Dear Ethical Minds,
My apartment has accumulated a number of cups and other Peirce dishes over the semester. I feel guilty about having them in our apartment and think we should return them immediately. But my roommate says he will return them before the semester is over, and argues that if he is paying for meals from AVI but eating with borrowed dishes at home, he is actually saving Kenyon money on food, and not using any more dishes than he would be were he eating at Peirce. Which one of us is right?
Dear Cup Crusader,
You are. Your roommate’s argument is an interesting one, but ultimately a poor excuse for hoarding dishes that are not his. Love it or hate it, the beautifully simple Kenyon meal plan does not grant differential treatment to students who eat at the Deli three times a week, students who never get up for breakfast or students who eat their weight in soft serve at Peirce. It certainly does not cover ingredients for home cooking, and in the same way is not intended to outfit your apartment kitchen.

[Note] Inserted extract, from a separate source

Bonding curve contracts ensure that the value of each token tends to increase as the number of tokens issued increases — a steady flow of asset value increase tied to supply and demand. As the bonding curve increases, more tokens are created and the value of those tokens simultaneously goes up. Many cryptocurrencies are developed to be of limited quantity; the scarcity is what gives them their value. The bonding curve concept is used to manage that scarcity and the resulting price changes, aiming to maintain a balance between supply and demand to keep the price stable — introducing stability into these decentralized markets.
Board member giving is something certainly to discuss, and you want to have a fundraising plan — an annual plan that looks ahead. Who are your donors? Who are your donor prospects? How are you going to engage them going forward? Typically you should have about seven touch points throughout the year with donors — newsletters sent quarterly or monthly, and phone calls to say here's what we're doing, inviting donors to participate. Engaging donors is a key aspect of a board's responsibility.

Your roommate’s argument suggests there is no difference between using a Peirce dish in Peirce and using it in your apartment, but this is not true. During a typical day at Peirce, dishes are washed and reused multiple times. A single plastic cup can serve many students over the course of a day. This is made impossible when a cup is taken back to an apartment for personal use.

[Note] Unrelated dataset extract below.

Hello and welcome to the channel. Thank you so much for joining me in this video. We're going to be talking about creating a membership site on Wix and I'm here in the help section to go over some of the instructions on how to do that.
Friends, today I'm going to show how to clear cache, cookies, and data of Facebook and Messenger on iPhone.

Taking dishes from Peirce for a few hours so you can lunch at the library or take a snack to class is not an egregious crime, but they should be returned within a reasonable amount of time. Kenyon spends large amounts of money to replace lost or stolen cups, dishes and utensils each semester, and even if you plan to return them eventually, hoarding dishes in your apartment puts them out of circulation for months. It forces AVI to turn to one-time-use paper cups — at the time of a Nov. 21, 2013 Collegian article on the cup shortage, “Peirce cups an endangered species,” we were using 4,000 to 5,000 per week — which not only cost money but also are less sustainable than plastic.
In the end, your roommate is not simply borrowing cups and dishes from Peirce, he is effectively holding them hostage from other hungry students. And perhaps more importantly, he is harming the College — and the environment — by doing so.